She motors out a short distance, anchors, puts her feet up, and begins to read her book.
The peace and solitude are magnificent.
Along comes a parks ranger in his boat. He pulls up alongside the woman and says, “Good morning. What are you doing?”
“Reading a book,” she replies, thinking, ‘Isn't that obvious?’
“You're in a Restricted Fishing Area,” he informs her.
“I'm sorry, officer, but I'm not fishing. I'm reading.”
“Yes, but I see you have all the equipment. For all I know you could start at any moment. I'll have to take you in and write you up.”
“If you do that, I'll have to charge you with sexual assault,” says the woman.
“But I haven't even touched you,” says the Ranger.
“That's true, but you have all the equipment.
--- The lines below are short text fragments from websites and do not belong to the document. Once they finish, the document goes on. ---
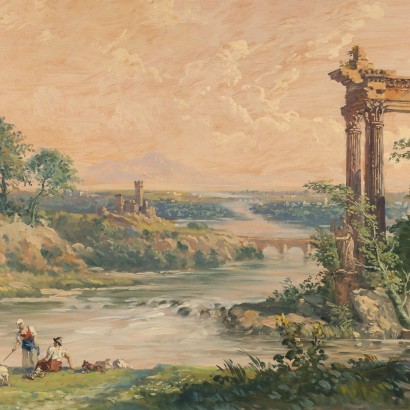 Painting by A. Oberto Landscape with Shepherds Oil on Wood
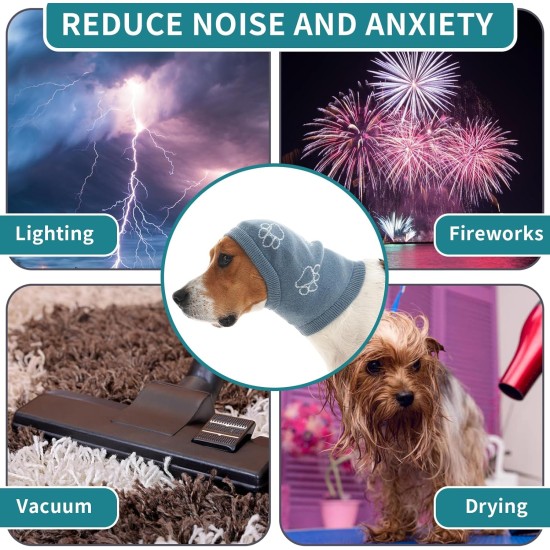 Katzinst Dog Hearing Protection, Elastic Knitted Ear Care Dog Hat, Noise Reduction, Anxiety Relief and Soothing Dog Ears, Dog Ear Care, (Blue, S) Katzinst Dog Hearing Protection, Elastic Knitted Ear Care Dog Hat, Noise Reduction, Anxiety Relief and Soothing Dog Ears, Dog Ear Care, (Blue, S)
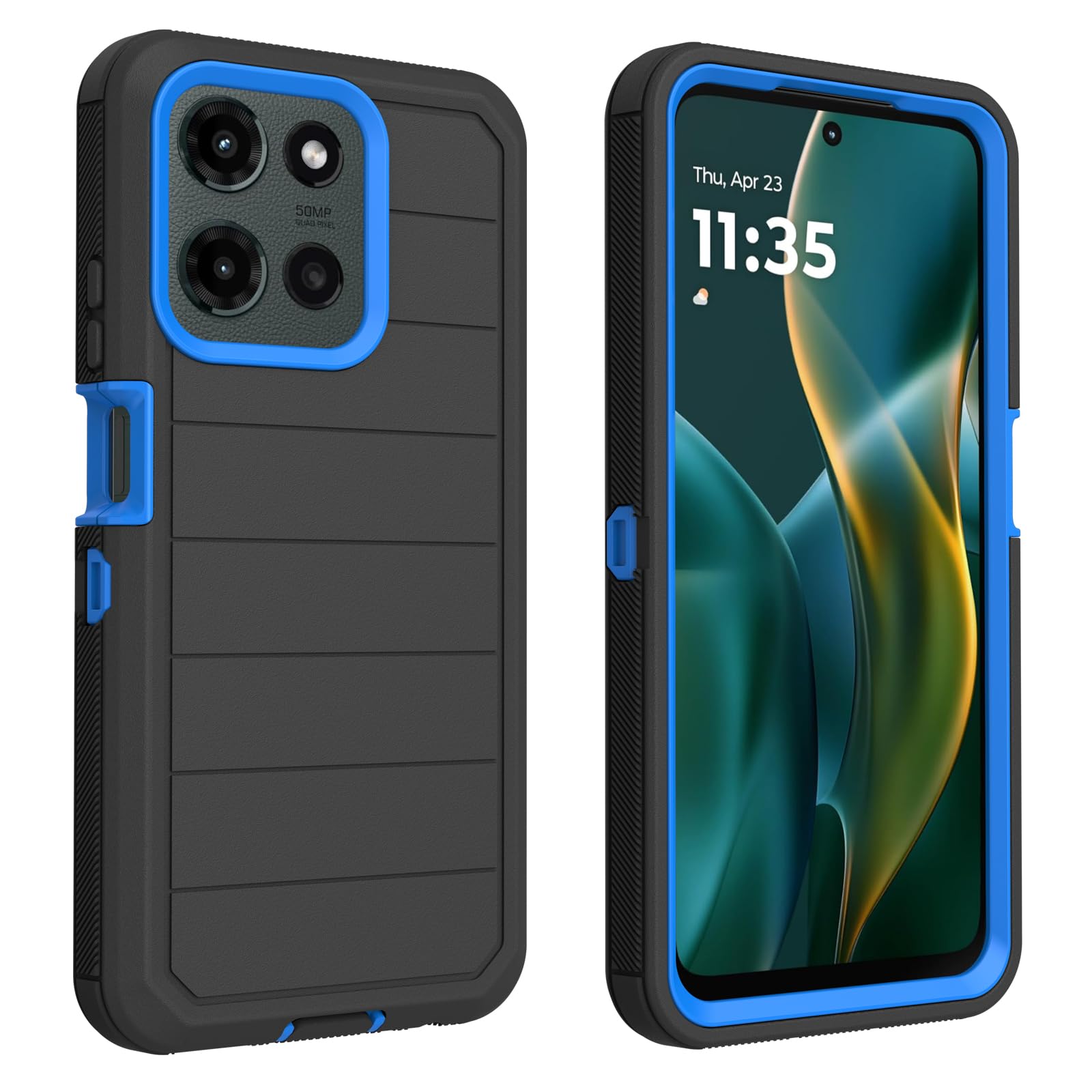 for Motorola Moto G 2026/2025 Case, Moto G Play 2026 Case, Defender Cover Heavy Duty Shockproof Dustproof 3 in 1 Rugged Protective Phone Cover (Blue/
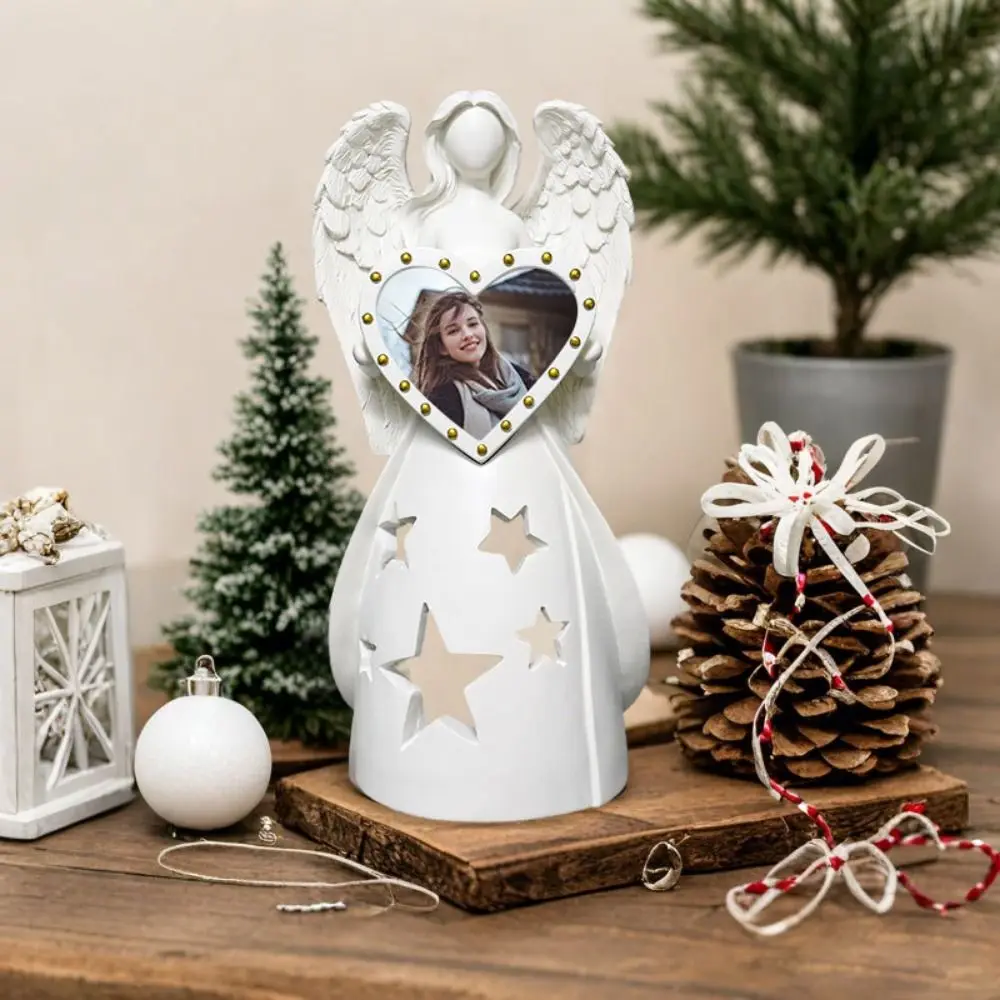 

Angel Candle Holder Exquisite Angel Candle Photo Frame Unique Handmade White Angel Candlestick Angel Ornaments Mother's Day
For all I know you could start at any moment.”
“Have a nice day,” and he left.
Moral: Never argue with a woman who reads. It's likely she can also think.
Posted 17 February 2012 - 03:08 PM
We were dressed and ready to go out for a Dinner & Theatre evening.
We turned on a 'night light', turned the answering machine on, covered our pet budgie and put the cat in the back garden.
We phoned the local Taxi company and requested a taxi.
The taxi arrived and we opened the front door to leave the house.
As we walked out the door, the cat we had put out in the yard scooted back into the house.
We didn't want the cat shut in the house because she always tries to get at the budgie.
My wife walked on out to the taxi, while I went back inside to get the cat. The cat ran upstairs, with me in hot pursuit.
Waiting in the cab, my wife didn't want the driver to know that the house will be empty for the night.
So, she explained to the taxi driver that I would be out soon. "He's just going upstairs to say Goodbye to my mother."
A few minutes later, I got into the cab. "Sorry I took so long," I said, as we drove away. "That stupid b**ch was hiding under the bed. I had to poke her a*se with a coat hanger to get her to come out!
She tried to take off, so I grabbed her by the neck. Then, I had to wrap her in a blanket to keep her from scratching me. But it worked! I hauled her fat a*se downstairs and threw her out into the back garden!
..............She'd better not sh*t in the vegetable garden again!"
The silence in the Taxi was deafening.